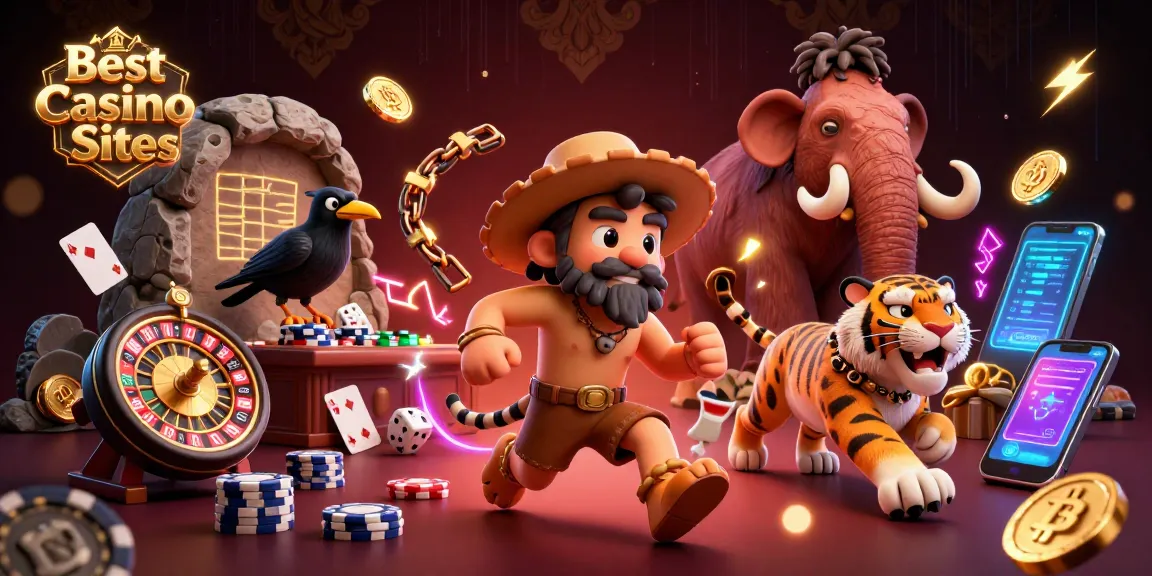 Experience the thrill of the Best Live Casino Sites with engaging characters in a vibrant 3D casino
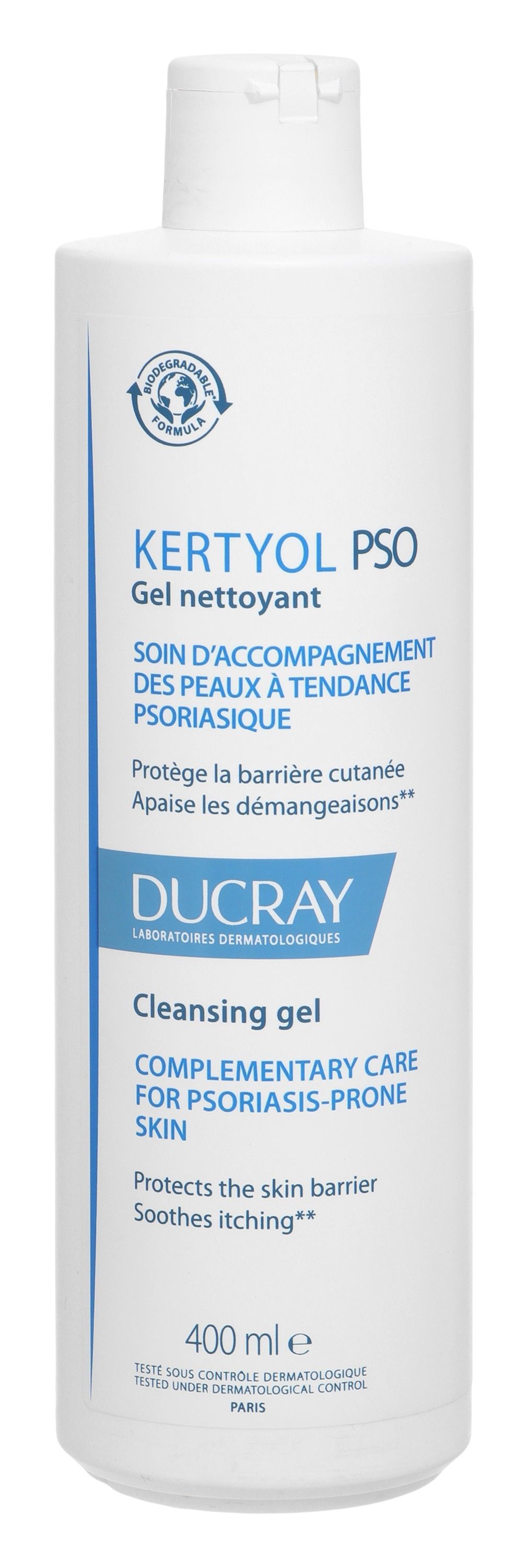 Ducray Kertyol PSO Face & Body Cleansing Gel for Psoriasis-Prone Skin, 400ml - Makkah Pharmacy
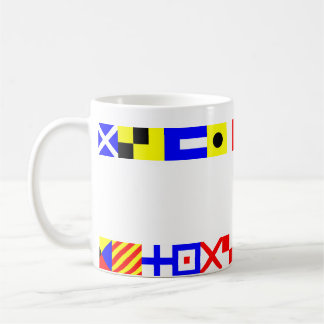 Caneca De Café Bandeiras náuticas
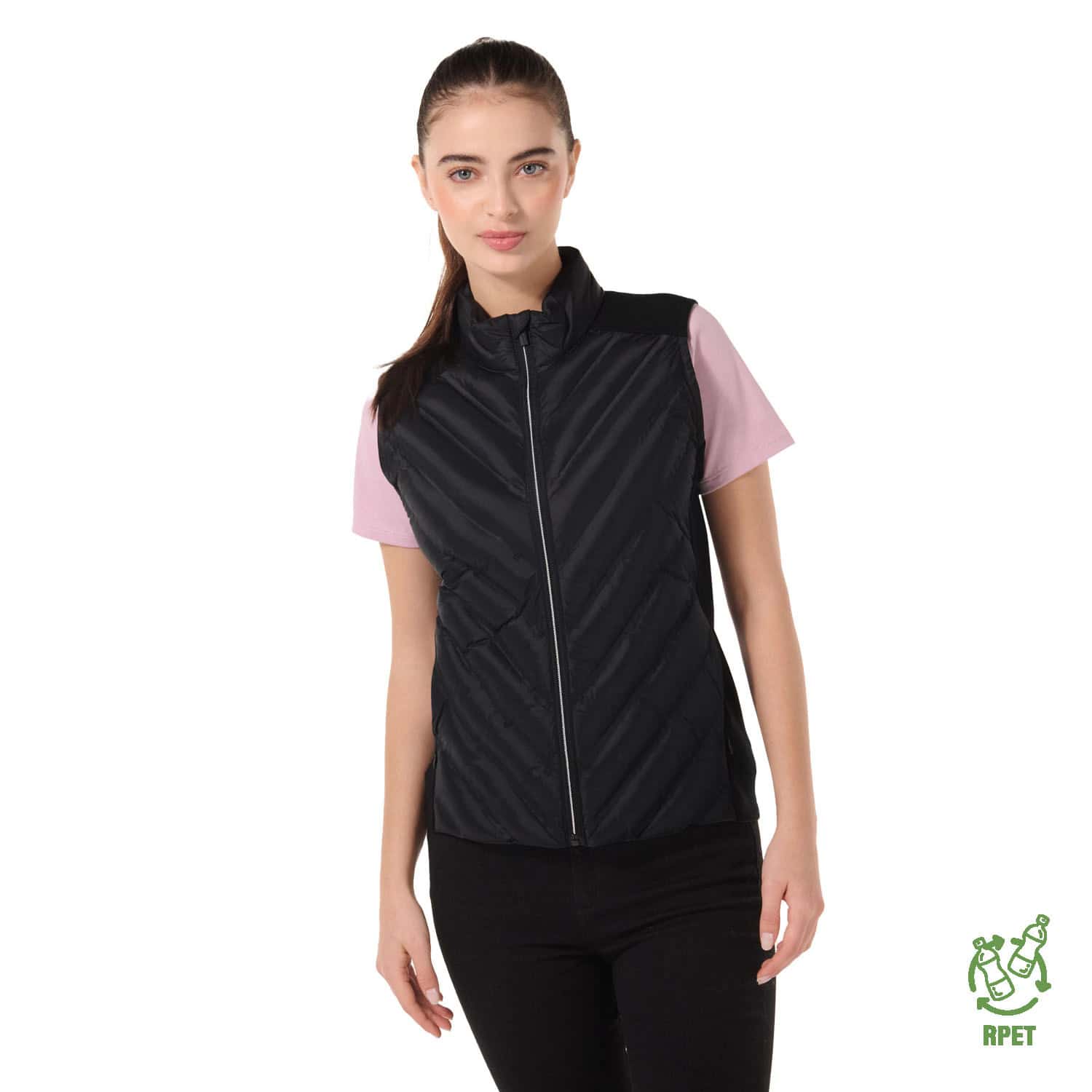 Chaleco para Mujer Royal RPET Negro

What this task involves: Word for word, print the material above, but without its pictures.

Task response:
 Experience the thrill of the Best Live Casino Sites with engaging characters in a vibrant 3D casino
 Ducray Kertyol PSO Face & Body Cleansing Gel for Psoriasis-Prone Skin, 400ml - Makkah Pharmacy
 Caneca De Café Bandeiras náuticas
 Chaleco para Mujer Royal RPET Negro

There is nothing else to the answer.